SIC 7361 Employment Agencies

SIC 7361

This category pertains to establishments primarily engaged in providing employment services, except theatrical employment agencies and motion picture casting bureaus. Establishments classified under this code may assist either employers or those seeking employment. Establishments primarily engaged in operating theatrical employment agencies are classified in SIC 7922: Theatrical Producers (Except Motion Picture) and Miscellaneous Theatrical Services; those operating motion picture casting bureaus are classified in SIC 7819: Services Allied to Motion Picture Production; farm labor contractors are classified in SIC 0761: Farm Labor Contractors and Crew Leaders; temporary help services are discussed in SIC 7363: Help Supply Services.

NAICS CODE(S)

541612

Human Resources and Executive Search Consulting Services

561310

Employment Placement Agencies

INDUSTRY SNAPSHOT

An employment agency's major function is to place people into short- or long-term positions. The industry has been positively affected by the boom in technology, the government's efforts to get more people off welfare and into employment, the shift from corporate paternalism to the independent portability of employment skills, and the growing need for professionals on short-term bases. One cannot discount the role of temporary employment firms as a try-before-you buy means of finding full-time employees.

Employment agencies employed a daily average of 2.87 million temporary and contract workers in the United States in the third quarter of 2005. During the 1990s staffing services was one of the fastest growing segments of the U.S. economy, and temp agency jobs grew from less than 1 million average per day in 1990 to 2.54 million in 2000. The financial impact of temporary placement services is evidenced by Adecco, the world's largest employment agency, which posted revenues of $23.35 billion in 2004. By the mid-2000s, nearly one in six young workers was expected to use an employment agency before the age of 35.

Employment agencies are susceptible to changes in the economy. In a strong economy, with low unemployment rates, candidate numbers tend to be lower, but many businesses come knocking, in need of help to identify high quality employees in a tight job market. Agencies may even have difficulty filling a customer's request for employees. When the economy slumps, however, the number of people looking for work increases, and candidates flood the employment offices in search of work. With so many available workers vying for so few new jobs, in a recessive economy employment agencies tend to find themselves with too many potential employees and not enough business clients.

An economic recession, which began in 2001 and was exacerbated by the terrorist attacks of September 11, threw the employment industry into a tailspin. Both temporary and permanent placements fell off significantly, leading many employment firms to leave the industry as profitability disappeared. However, as the economy recovered in the mid-2000s, the employment industry began to show significant improvement, turning robust by 2005.

ORGANIZATION AND STRUCTURE

Employment agencies are defined by the National Association of Personnel Consulting as "offering an orientation of finding jobs for people; building a back log of screened candidates by consistent advertising and by referrals from satisfied candidates and employers." Placement fees are paid by either the job-seeking candidate or the employer and are contingent upon an offer by the employer and acceptance by the job seeker.
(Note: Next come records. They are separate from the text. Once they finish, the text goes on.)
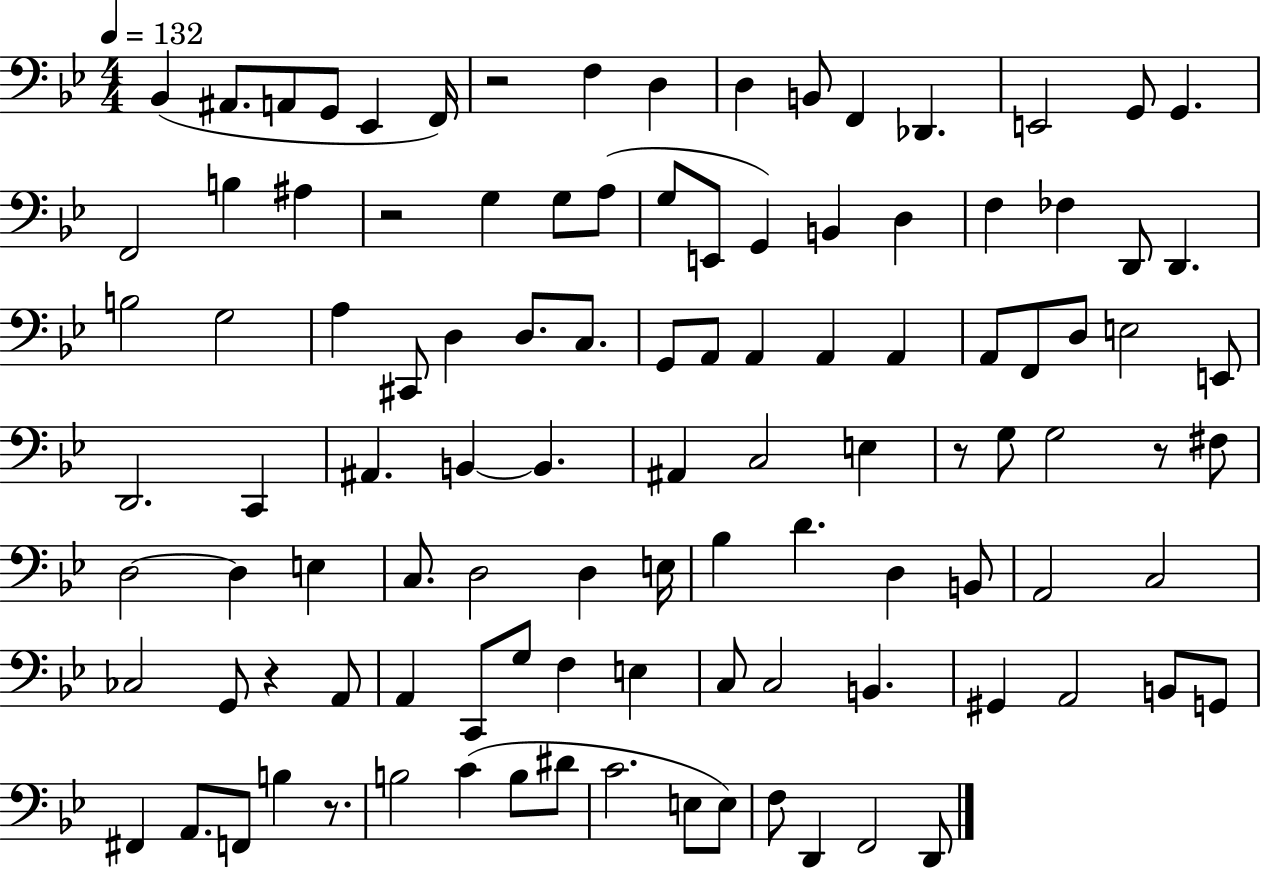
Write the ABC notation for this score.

X:1
T:Untitled
M:4/4
L:1/4
K:Bb
_B,, ^A,,/2 A,,/2 G,,/2 _E,, F,,/4 z2 F, D, D, B,,/2 F,, _D,, E,,2 G,,/2 G,, F,,2 B, ^A, z2 G, G,/2 A,/2 G,/2 E,,/2 G,, B,, D, F, _F, D,,/2 D,, B,2 G,2 A, ^C,,/2 D, D,/2 C,/2 G,,/2 A,,/2 A,, A,, A,, A,,/2 F,,/2 D,/2 E,2 E,,/2 D,,2 C,, ^A,, B,, B,, ^A,, C,2 E, z/2 G,/2 G,2 z/2 ^F,/2 D,2 D, E, C,/2 D,2 D, E,/4 _B, D D, B,,/2 A,,2 C,2 _C,2 G,,/2 z A,,/2 A,, C,,/2 G,/2 F, E, C,/2 C,2 B,, ^G,, A,,2 B,,/2 G,,/2 ^F,, A,,/2 F,,/2 B, z/2 B,2 C B,/2 ^D/2 C2 E,/2 E,/2 F,/2 D,, F,,2 D,,/2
Fee structures vary but are generally based on a percentage of the annual salary of the job being filled. These fees are also known as contingency fees.

Employment agencies are also called personnel placement firms, personnel consulting firms, and personnel service firms. Executive search, recruiting services, "headhunters," and other firms that help employers fill higher level executive and management positions and place qualified candidates for these particular jobs are sometimes also known as employment agencies. Private agencies are more likely to combine career counseling and placement as one service. Applicants are more "job-ready," whereas public agencies deal with people who are deemed in great need of supportive services before being considered job ready.
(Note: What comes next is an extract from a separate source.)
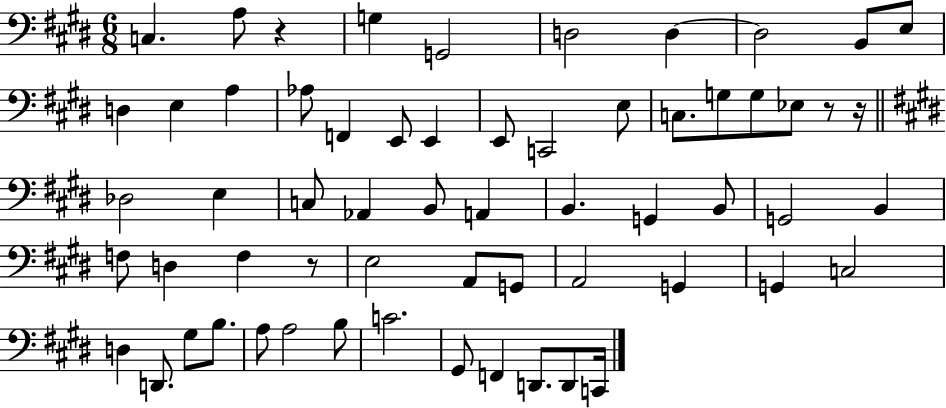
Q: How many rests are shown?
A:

Licensed employment agencies are paid by job seekers that come to them for placement. These agencies generally serve hourly workers, first-line supervisors without degrees, clerical workers, and entry-level technical and professional workers. Recruiters locate candidates for positions. Professional search consultants conduct in-depth searches for potential candidates to fill specific job openings.

Search consultants can work on either a contingency or retainer basis. A contingency search typically costs 20 to 30 percent of the hire's salary, paid once the search is completed. Retained searches, usually for top-level jobs, cost a third of the placement's first year pay package, a third of which must be paid up front. For both types of searches, however, other fee arrangements are possible. Some firms will cut their fees if they are guaranteed several assignments. Other recruiters have begun charging on a per-hour basis. With so many start-up firms looking for talent, recruiters, like accountants and lawyers, before them, have received equity stakes in lieu of cash compensation.
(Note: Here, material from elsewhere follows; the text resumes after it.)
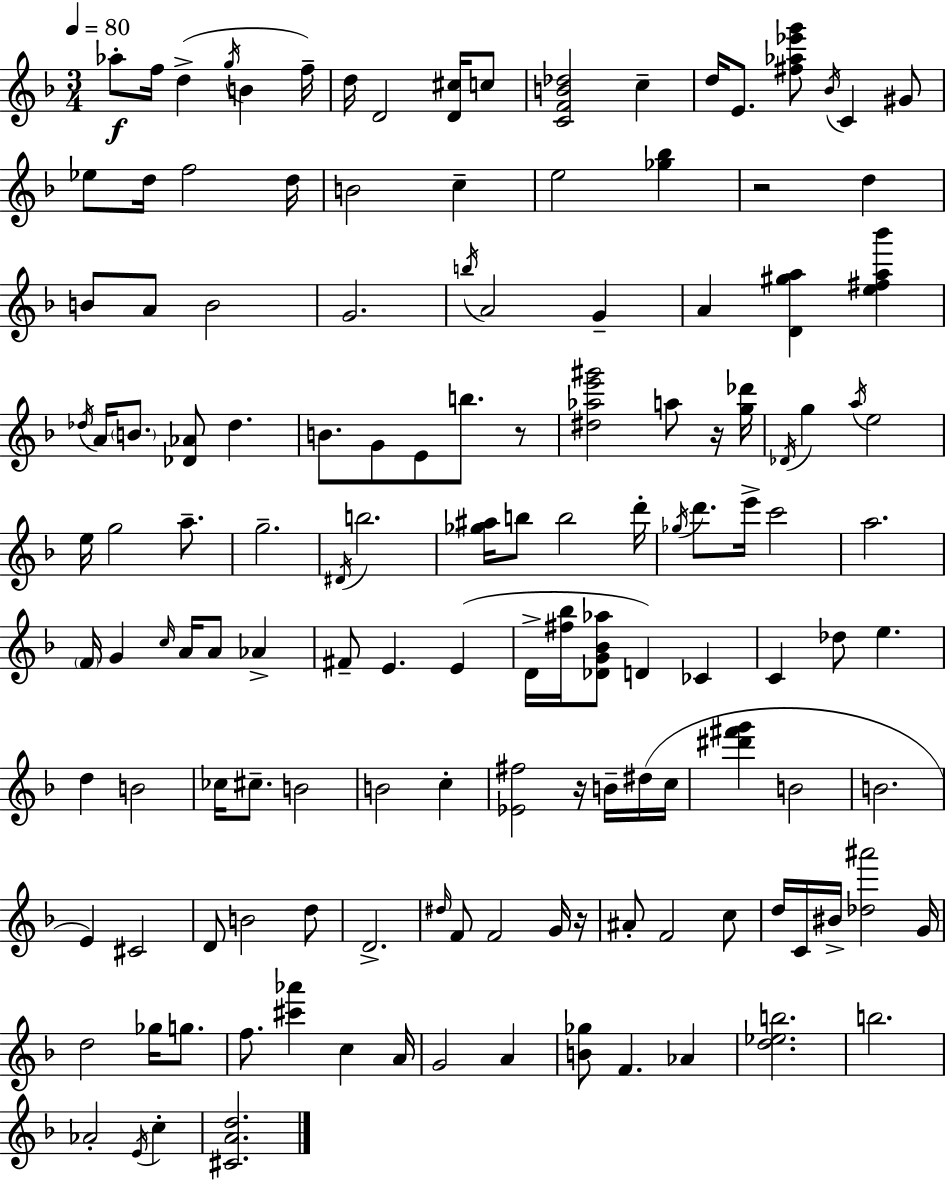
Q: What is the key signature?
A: F major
BACKGROUND AND DEVELOPMENT

The business of serving as a broker between employers and those seeking employment has existed for centuries, beginning perhaps as early as the fifteenth century. The English practice of indentured servitude would fall under this definition because it involved men acting as employment brokers or agents of free workers. These brokers acted on behalf of employers who did not have easy access to laborers. They negotiated the contracts that bound these free people to work for a specified period. Indentured servants agreed to work in exchange for benefits that ranged from free passage to the New World to food and lodging.

The first known private employment agencies were called "intelligence offices," which began sometime in the early nineteenth century. In his book, Martinez cites the "Employers and Servants Protestant agency"—established in 1819 for the "better regulation of Domestic Servants"—as the earliest reference to a bona fide employment agency. Martinez also notes that the first large scale employment agency appeared in 1863 as the American Emigrant Company, created to "secure laborers and skilled workers for a number of American employers." Fees were collected from employers and registration fees exacted from European job seekers. The agency paid for transportation to the United States then was reimbursed via future deductions from the immigrant worker's wages.

Private employment agencies appear with more frequency in the latter nineteenth century as evidenced by classified advertising in newspapers of the period. Before World War I, private employment agencies recruited manual laborers or female domestics. Almost anyone could be an employment agent—the middleman and often the only source of information between employers and prospective workers.

Immigrants were valuable commodities to employment agencies because they provided cheap, capable, and, to their detriment, naive labor. Because of this imbalance, many immigrants were abused by unscrupulous employment agencies. Employment agencies were often located in poor neighborhoods, saloons, and pool halls, usually as part of patronage systems in big cities like Chicago and New York. People who "got out the vote" were rewarded with jobs.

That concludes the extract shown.